Actually I moved the week I sold the Jeep! I had to sell her because I was losing my garage too. Maybe I should drive by the old house to see if it has been burned down or egged! 
I think that is also why Mr. Genius-Bot-Lawsuit was suddenly offering to mail me the CD he didn't metion for 8 weeks. He is so wiley I couldn't possibly have figured out he wanted my address so he could toilet-paper my trees!


----------



## haunted reality (Apr 18, 2001)

*Re: (Byron Gilles)*


_Quote, originally posted by *Byron Gilles* »_Actually I moved the week I sold the Jeep!

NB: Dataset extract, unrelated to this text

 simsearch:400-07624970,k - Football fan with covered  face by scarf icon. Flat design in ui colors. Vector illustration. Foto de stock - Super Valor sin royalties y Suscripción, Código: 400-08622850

I had to sell her because I was losing my garage too. Maybe I should drive by the old house to see if it has been burned down or egged! 
I think that is also why Mr. Genius-Bot-Lawsuit was suddenly offering to mail me the CD he didn't metion for 8 weeks. He is so wiley I couldn't possibly have figured out he wanted my address so he could toilet-paper my trees!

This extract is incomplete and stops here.